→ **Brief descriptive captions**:
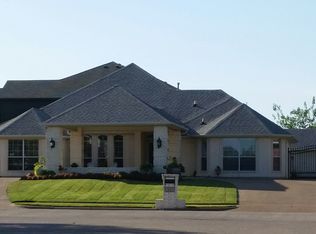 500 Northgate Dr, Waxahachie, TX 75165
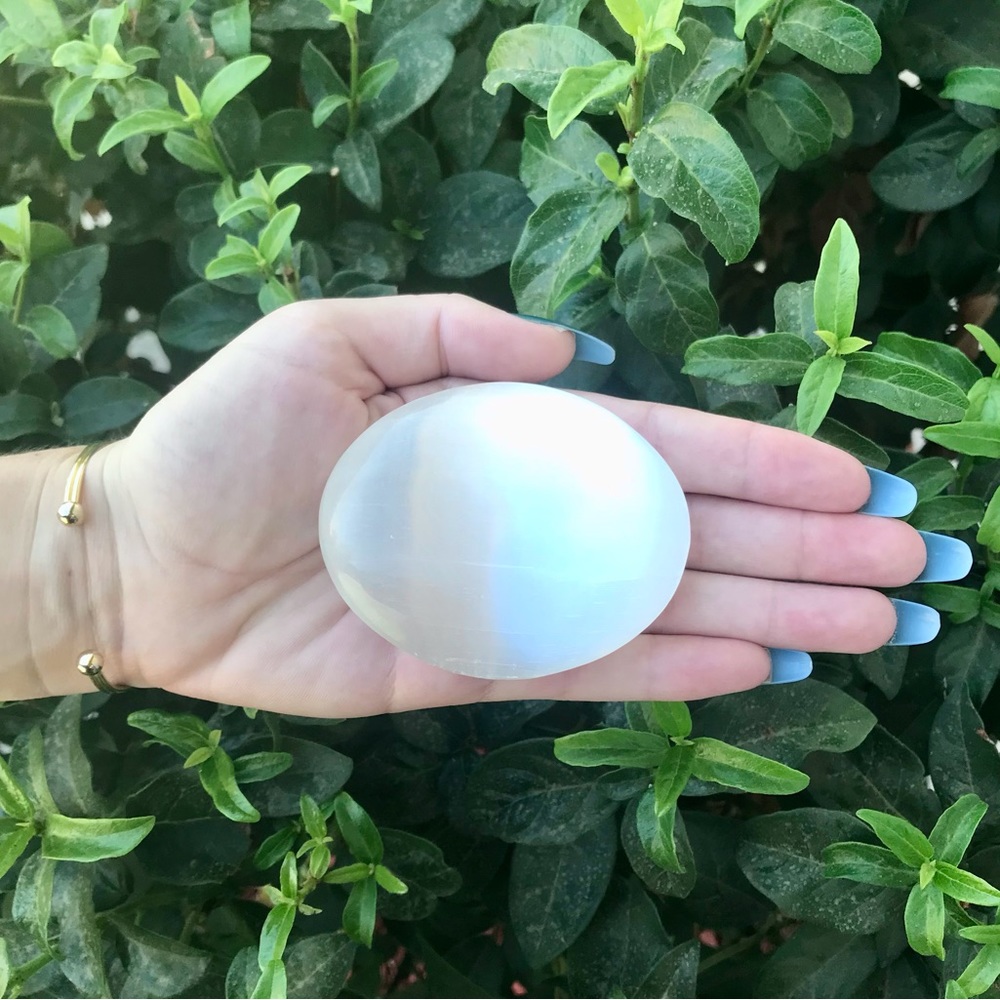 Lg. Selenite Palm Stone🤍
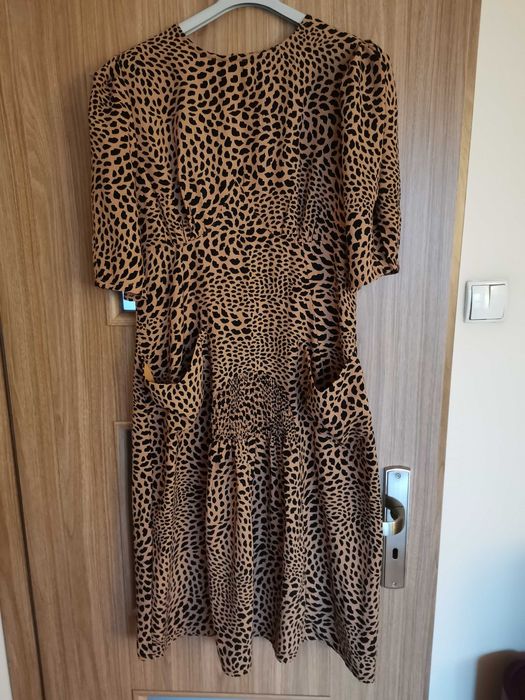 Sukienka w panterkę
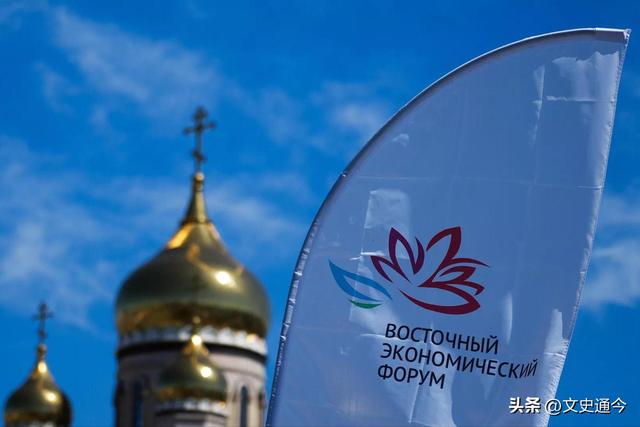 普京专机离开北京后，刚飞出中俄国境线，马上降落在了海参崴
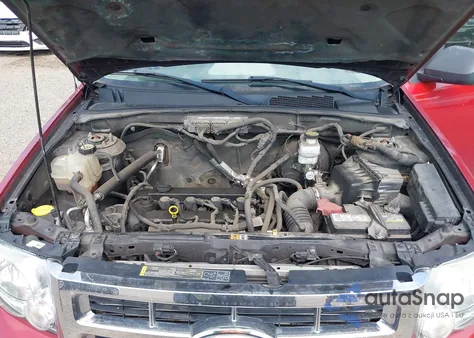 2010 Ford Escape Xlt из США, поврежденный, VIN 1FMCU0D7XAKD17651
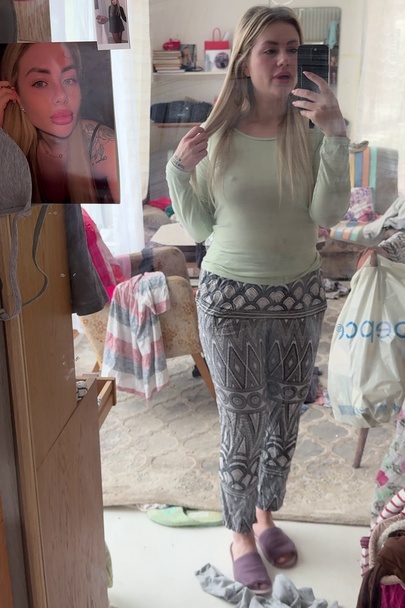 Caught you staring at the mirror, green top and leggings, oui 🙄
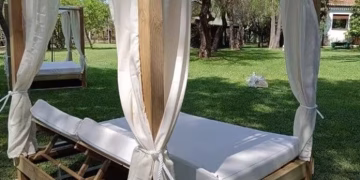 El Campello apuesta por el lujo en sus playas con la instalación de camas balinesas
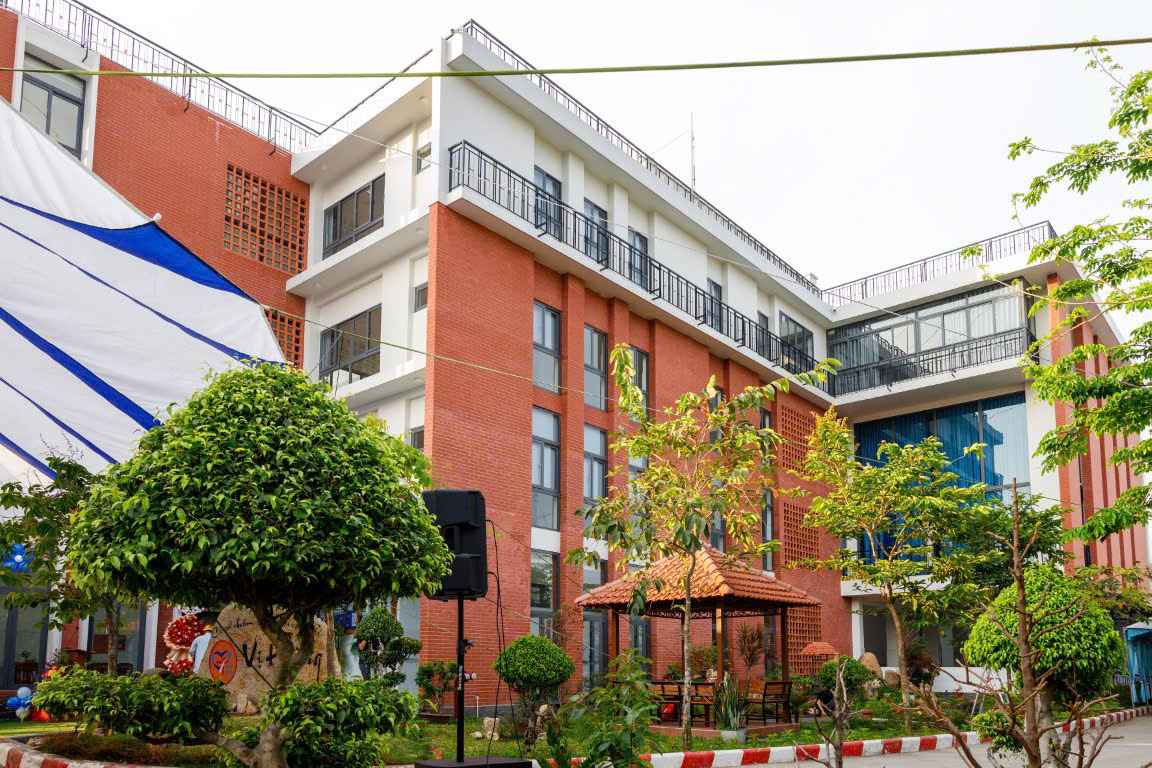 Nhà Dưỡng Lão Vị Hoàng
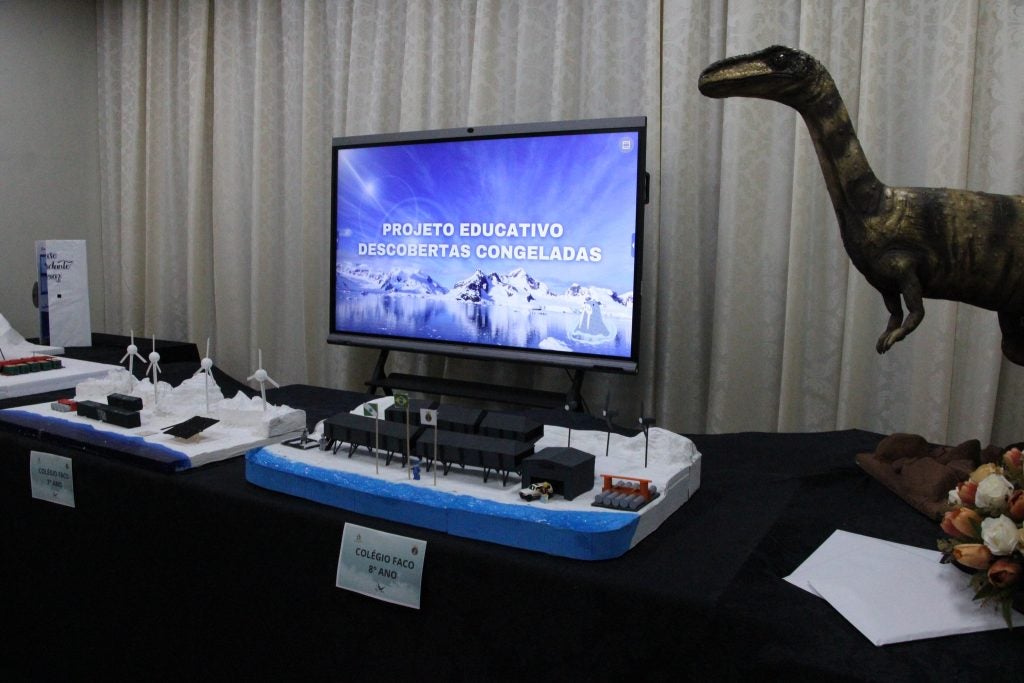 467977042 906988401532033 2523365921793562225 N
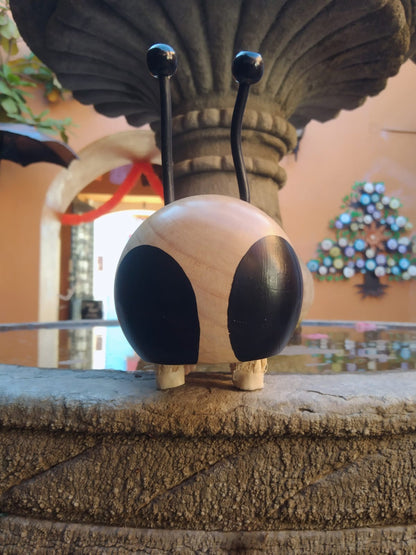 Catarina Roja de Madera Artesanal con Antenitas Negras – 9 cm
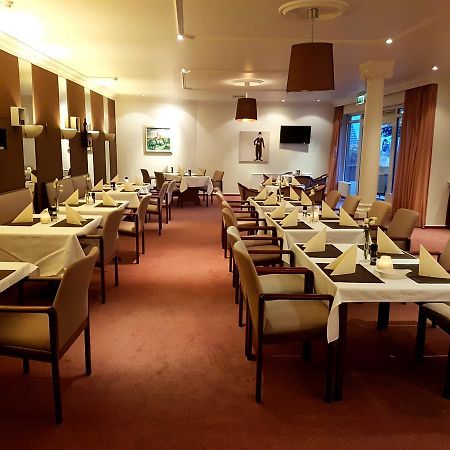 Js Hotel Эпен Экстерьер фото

→ **Exercise requirements**: The line containing "El Campello apuesta" marks where the copy ends; print every line before it from the start of the records, and that line too, but no pictures.

→ **Solved exercise**:
 500 Northgate Dr, Waxahachie, TX 75165
 Lg. Selenite Palm Stone🤍
 Sukienka w panterkę
 普京专机离开北京后，刚飞出中俄国境线，马上降落在了海参崴
 2010 Ford Escape Xlt из США, поврежденный, VIN 1FMCU0D7XAKD17651
 Caught you staring at the mirror, green top and leggings, oui 🙄
 El Campello apuesta por el lujo en sus playas con la instalación de camas balinesas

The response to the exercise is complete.